She has several different products available including body cream, body scrub, lip balm and lotion. All of these beauty products can be mixed and matched in a gift box, a potential Christmas gift for loved ones in the community.
Jean Fierke is another market vendor that uses natural ingredients in her products. Chickadee ‘All Milk’ Soap provides soap out of goat milk that is sourced from Ingham County. She said Bath and the surrounding communities enjoy shopping locally and organically.
“We are very conscientious, earth-friendly folks,” Fierke said.
Not everyone grew up in Bath, yet people from all over come to participate in the market and appreciate the local businesses. Alice Koerner recently moved to Bath from New Jersey, and she said she is a strong supporter of local markets.
“It’s more important to shop local for your own health and the community’s,” Koerner said. “We are taught to consume, consume, consume, and I’m doing that, just locally.”
In past years, the market has stayed open all winter long.

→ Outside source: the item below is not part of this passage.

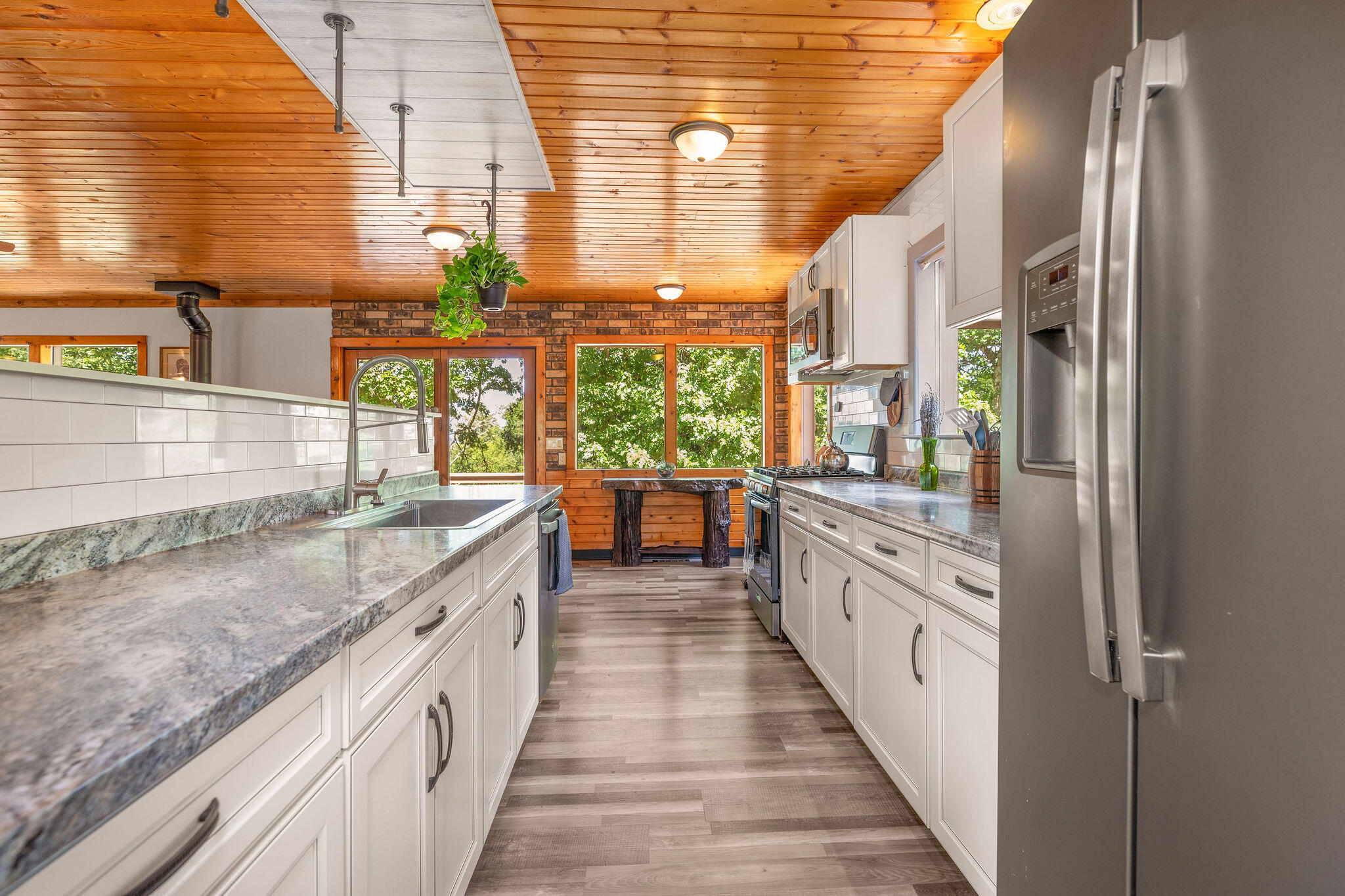537 Watson Road Property Photo 17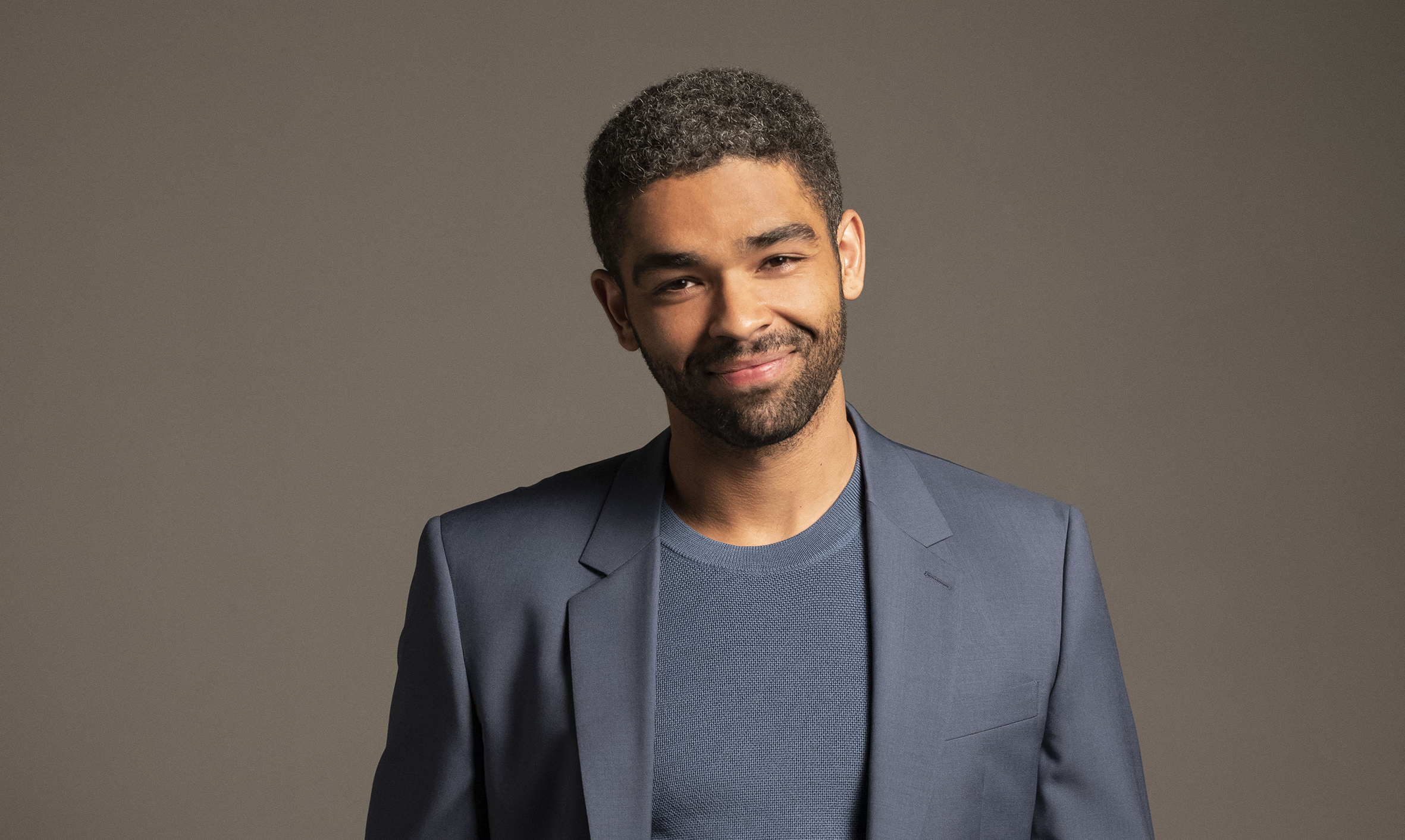 Kingsley BenAdir será o vilão de Invasão Secreta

Market manager Tom Straka said that this year they are shortening the winter market to just November and December. This is due to growing seasons and product availability.
“Right after the holidays is a good time to cut it off,” Straka said. “Then we’ll be back open in May.”
As the holiday season begins, the Bath Community Center will be hosting a holiday market on Dec. 19 that will include cookie decorating and a visit from Santa Claus. Additional one-time vendors will also be present to participate.